(Short descriptive text snippets)
# # #

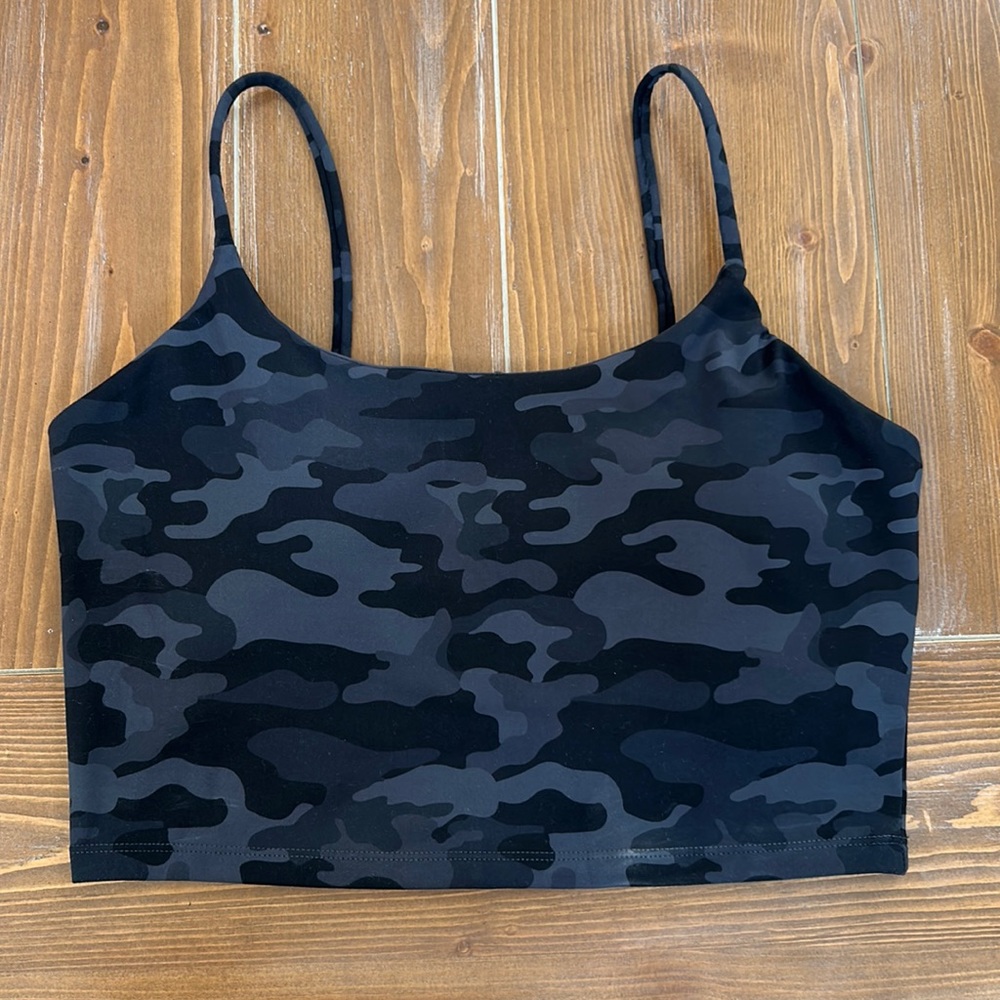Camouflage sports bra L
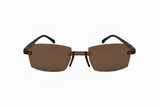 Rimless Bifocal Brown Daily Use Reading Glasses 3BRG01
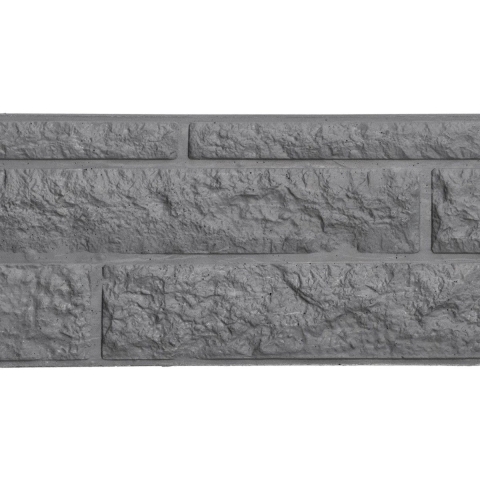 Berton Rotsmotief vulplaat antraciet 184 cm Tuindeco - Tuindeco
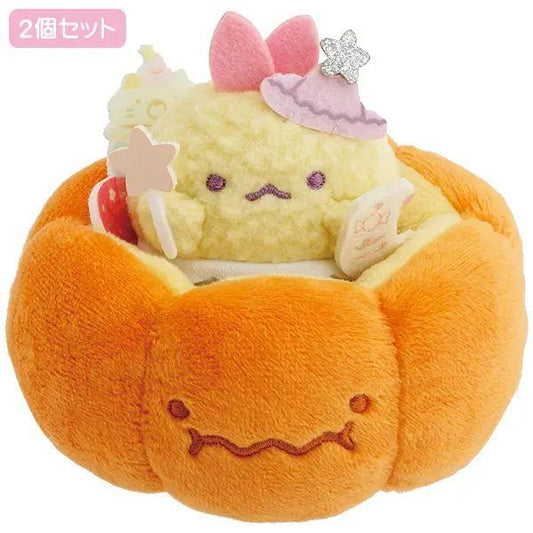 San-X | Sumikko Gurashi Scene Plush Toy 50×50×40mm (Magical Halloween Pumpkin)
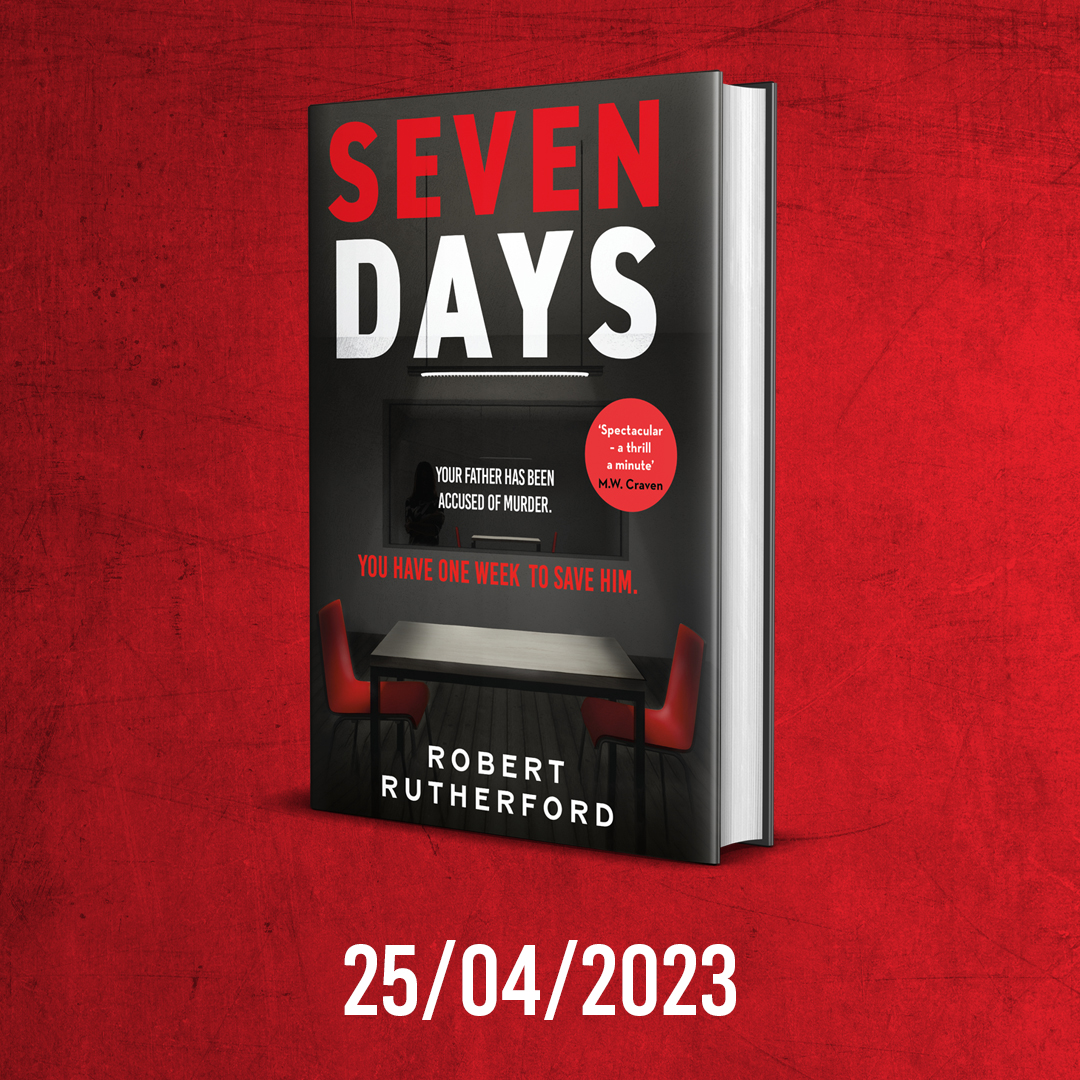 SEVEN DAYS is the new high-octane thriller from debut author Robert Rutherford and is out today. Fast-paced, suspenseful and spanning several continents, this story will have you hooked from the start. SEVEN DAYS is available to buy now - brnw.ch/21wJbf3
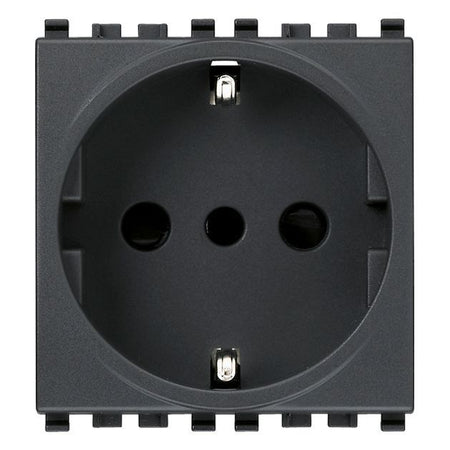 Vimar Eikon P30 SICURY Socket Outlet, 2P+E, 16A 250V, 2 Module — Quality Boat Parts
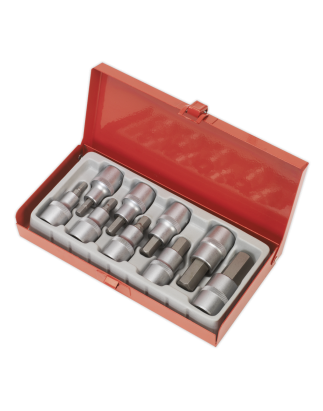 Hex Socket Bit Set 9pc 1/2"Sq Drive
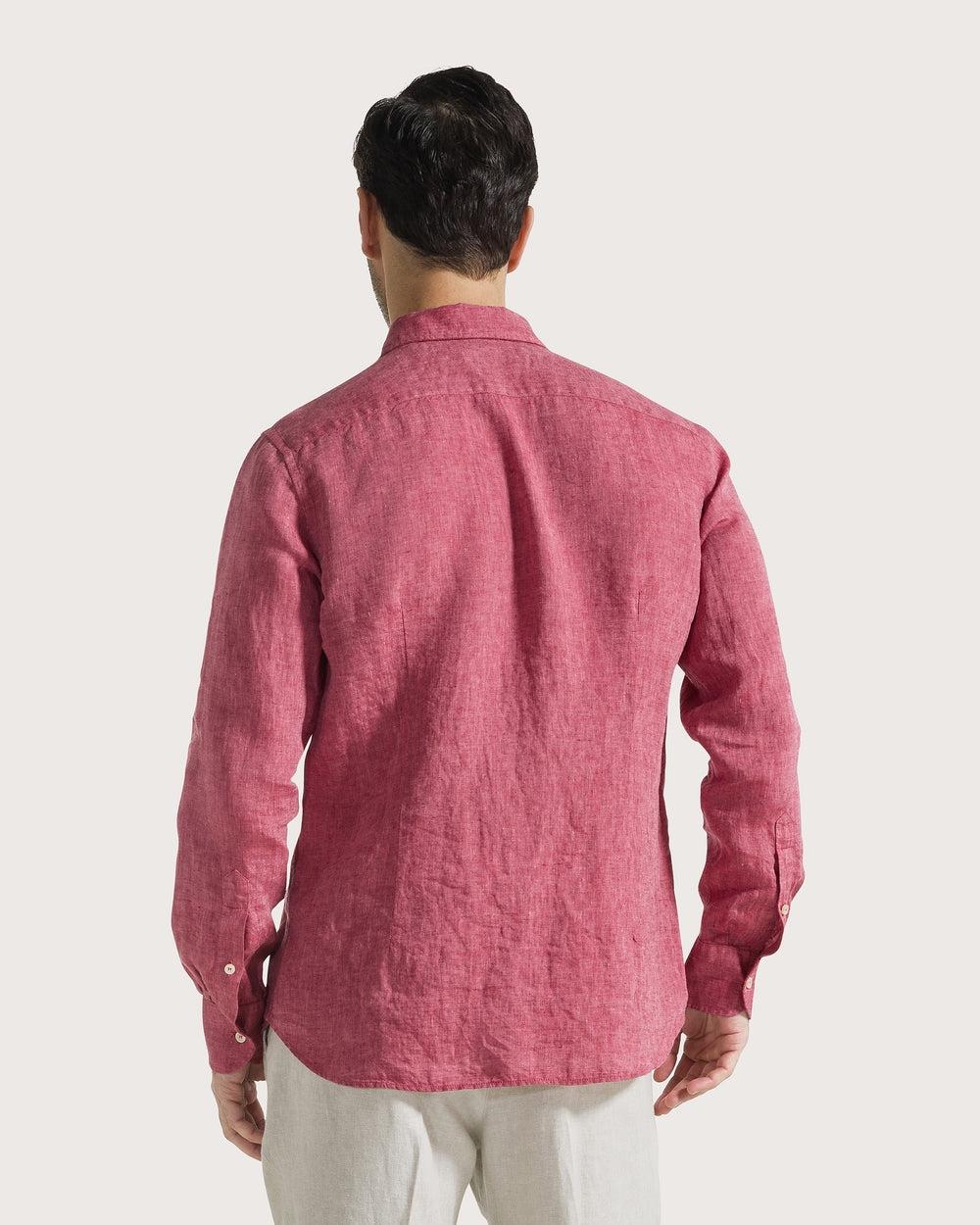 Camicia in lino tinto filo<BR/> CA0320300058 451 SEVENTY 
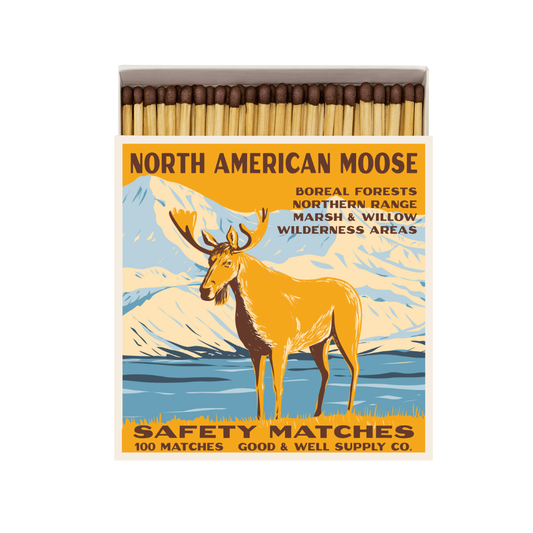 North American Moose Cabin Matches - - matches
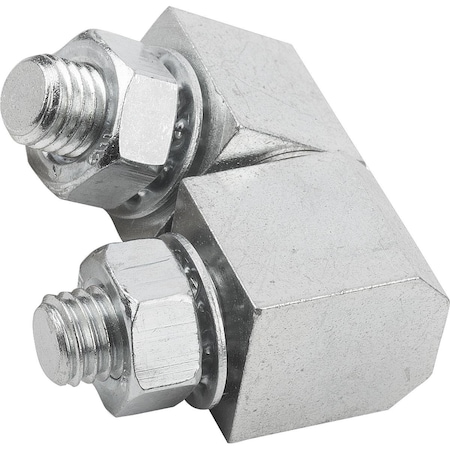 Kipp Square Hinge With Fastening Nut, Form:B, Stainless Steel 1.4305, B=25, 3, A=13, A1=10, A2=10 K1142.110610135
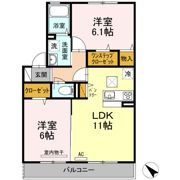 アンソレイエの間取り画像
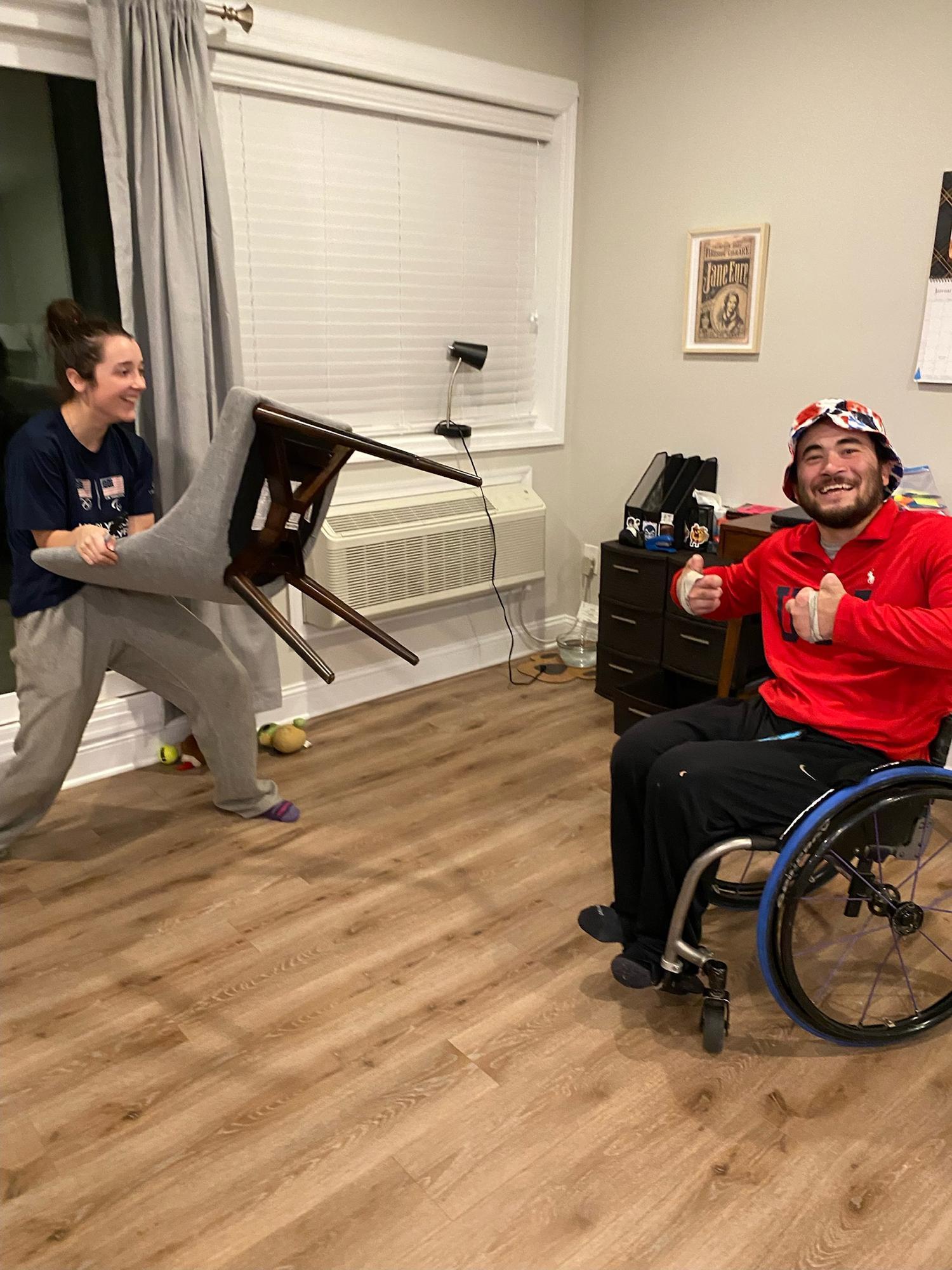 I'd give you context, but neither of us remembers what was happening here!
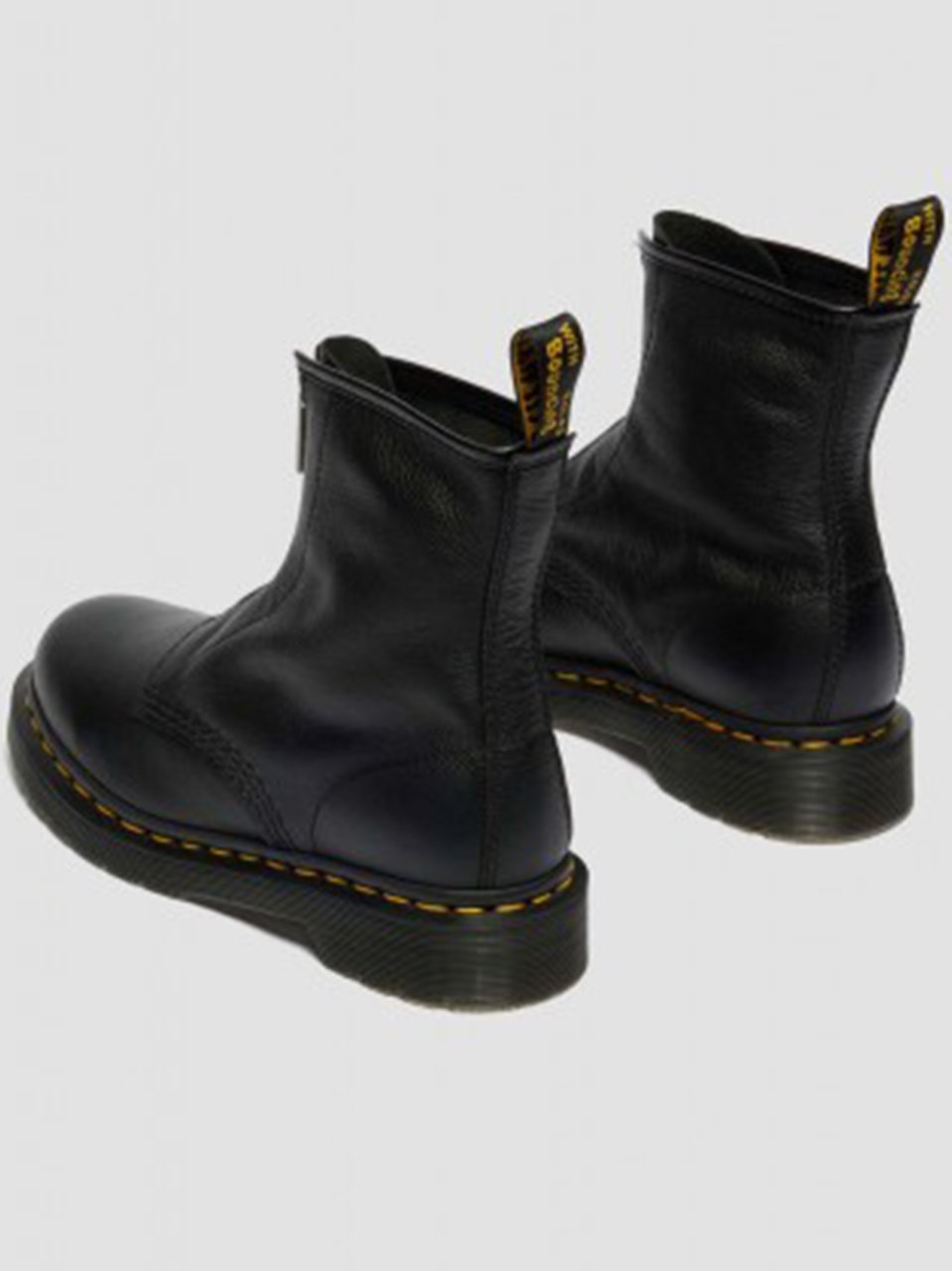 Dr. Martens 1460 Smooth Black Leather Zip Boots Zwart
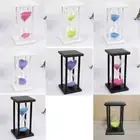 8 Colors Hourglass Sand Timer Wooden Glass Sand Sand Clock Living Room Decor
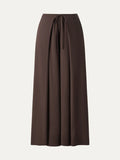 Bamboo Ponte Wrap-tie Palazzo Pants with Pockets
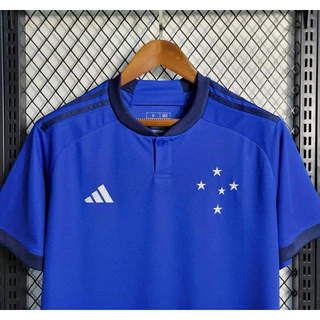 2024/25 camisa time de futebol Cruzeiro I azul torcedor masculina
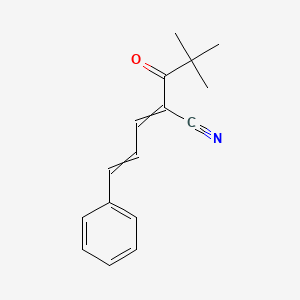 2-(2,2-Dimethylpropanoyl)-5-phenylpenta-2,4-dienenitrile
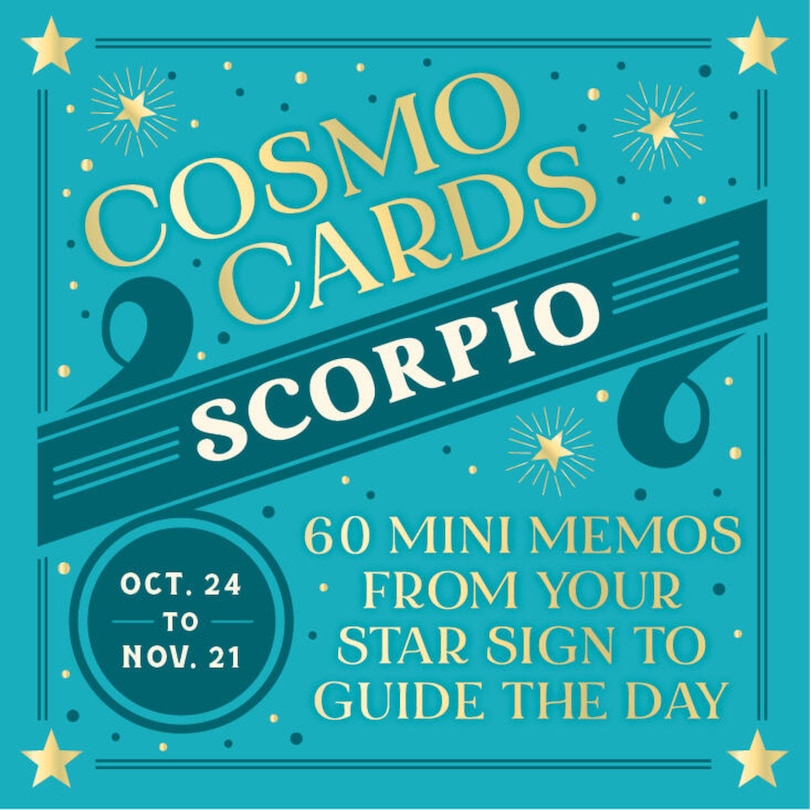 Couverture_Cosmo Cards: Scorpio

# # #

▶ **EXERCISE AIM**:
Above are the records; copy every one of them exactly and omit the images.

▶ **SOLUTION**:
Camouflage sports bra L
 Rimless Bifocal Brown Daily Use Reading Glasses 3BRG01
 Berton Rotsmotief vulplaat antraciet 184 cm Tuindeco - Tuindeco
 San-X | Sumikko Gurashi Scene Plush Toy 50×50×40mm (Magical Halloween Pumpkin)
 SEVEN DAYS is the new high-octane thriller from debut author Robert Rutherford and is out today. Fast-paced, suspenseful and spanning several continents, this story will have you hooked from the start. SEVEN DAYS is available to buy now - brnw.ch/21wJbf3
 Vimar Eikon P30 SICURY Socket Outlet, 2P+E, 16A 250V, 2 Module — Quality Boat Parts
 Hex Socket Bit Set 9pc 1/2"Sq Drive
 Camicia in lino tinto filo<BR/> CA0320300058 451 SEVENTY 
 North American Moose Cabin Matches - - matches
 Kipp Square Hinge With Fastening Nut, Form:B, Stainless Steel 1.4305, B=25, 3, A=13, A1=10, A2=10 K1142.110610135
 アンソレイエの間取り画像
 I'd give you context, but neither of us remembers what was happening here!
 Dr. Martens 1460 Smooth Black Leather Zip Boots Zwart
 8 Colors Hourglass Sand Timer Wooden Glass Sand Sand Clock Living Room Decor
 Bamboo Ponte Wrap-tie Palazzo Pants with Pockets
 2024/25 camisa time de futebol Cruzeiro I azul torcedor masculina
 2-(2,2-Dimethylpropanoyl)-5-phenylpenta-2,4-dienenitrile
 Couverture_Cosmo Cards: Scorpio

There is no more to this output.